A vintage valentines gentleman

This made me smile yesterday on a particularly horrible commute home last night;

I live in a rather lovely block of flats built in the 1930s, with lovely art deco style windows and doors. One of the other residents is a rather remarkable old gent (I hesitate to speculate on age, but he's certainly silvery haired) who can only be said to dress in exquisitely vintage gentleman's attire. In the winter, he goes out perfectly groomed with his grey pinstriped trousers, black overcoat umbrella and bowler hat. I wondered at first whether he was just one of those City workers who still dress in the old bankers uniform, but in the summer he instead appears in a blazer, boater and cane. He looks entirely fabulous in each, and the boater particularly always makes me smile, as I always imagine he is off to a tete-a-tete with some glamourous older lady.

Anyway, last night I was experiencing a horrendous journey home. The tubes and train were crammed with people either trying to get home for valentines evening or trying to get out for a valentines date, and then the Central line went down, causing massive overcrowding. When I finally got on a train home, the commuters were all, like me, in a thoroughy foul mood. Then there was some kind of 'incident' on a train ahead, and we were all trapped on a hugely crowded train stuck in the middle of no-where, being diverted to Staines.

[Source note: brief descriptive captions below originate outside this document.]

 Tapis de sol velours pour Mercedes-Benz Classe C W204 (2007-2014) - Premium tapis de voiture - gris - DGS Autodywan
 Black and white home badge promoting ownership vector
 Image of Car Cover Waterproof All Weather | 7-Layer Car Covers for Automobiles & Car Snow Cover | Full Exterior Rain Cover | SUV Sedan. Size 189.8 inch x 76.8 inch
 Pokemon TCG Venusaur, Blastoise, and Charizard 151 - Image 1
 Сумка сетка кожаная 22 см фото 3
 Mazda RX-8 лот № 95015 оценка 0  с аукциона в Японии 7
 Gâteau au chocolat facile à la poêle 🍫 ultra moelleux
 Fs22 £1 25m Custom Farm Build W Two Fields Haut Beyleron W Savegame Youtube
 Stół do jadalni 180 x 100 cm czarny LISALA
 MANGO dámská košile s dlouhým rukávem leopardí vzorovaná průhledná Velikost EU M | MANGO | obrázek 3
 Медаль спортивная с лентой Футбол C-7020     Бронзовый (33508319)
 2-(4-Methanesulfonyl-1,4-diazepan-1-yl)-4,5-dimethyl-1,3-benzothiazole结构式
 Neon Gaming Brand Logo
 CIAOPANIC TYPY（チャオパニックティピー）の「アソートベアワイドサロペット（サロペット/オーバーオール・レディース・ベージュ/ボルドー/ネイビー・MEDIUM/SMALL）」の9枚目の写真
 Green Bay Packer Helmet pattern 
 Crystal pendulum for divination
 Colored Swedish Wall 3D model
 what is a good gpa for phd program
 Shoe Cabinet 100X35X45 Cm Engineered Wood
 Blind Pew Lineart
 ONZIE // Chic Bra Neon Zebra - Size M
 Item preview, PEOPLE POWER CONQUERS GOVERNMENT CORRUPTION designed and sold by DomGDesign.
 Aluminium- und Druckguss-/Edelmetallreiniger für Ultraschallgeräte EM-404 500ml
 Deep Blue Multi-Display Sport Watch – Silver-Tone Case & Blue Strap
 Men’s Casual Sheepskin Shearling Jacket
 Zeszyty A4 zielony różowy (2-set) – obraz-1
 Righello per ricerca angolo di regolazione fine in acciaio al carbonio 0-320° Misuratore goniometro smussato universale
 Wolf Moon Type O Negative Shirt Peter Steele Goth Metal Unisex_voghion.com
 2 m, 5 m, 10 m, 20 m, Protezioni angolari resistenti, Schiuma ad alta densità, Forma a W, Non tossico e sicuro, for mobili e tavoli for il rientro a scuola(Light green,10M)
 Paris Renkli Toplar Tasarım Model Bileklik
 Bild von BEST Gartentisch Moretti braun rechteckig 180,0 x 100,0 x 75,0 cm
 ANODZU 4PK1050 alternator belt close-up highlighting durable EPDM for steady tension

Now, I was lucky enough to have a seat, but these commuter trains are a pretty horrendous experience if you're standing and it's crowded. I have fainted on them myself in the past, and seen others do so too. Some poor lass was apparently showing signs of doing just that, as suddenly a melifuous male voice insisted that this girl take his seat. I turned around to see that it was this very same fabulous old gent, despite being the elder of the two, offering, nay insisting that she take his seat, as she clearly needed it more. The poor girl protested but he was quite firm. Then, when a couple of stops later, she got off the train, he insisted one of the other ladies left standing take the seat despite her offering it to him.

So this perfectly attired gentleman (with a quite remarkable voicem it must be said!) proved himself to be a true gentleman in action as well (unlike any of the other blokes on the train, it has to be noted). This somehow pleases me immensley, and really does make the point that vintage is not just about age, it's about quality too.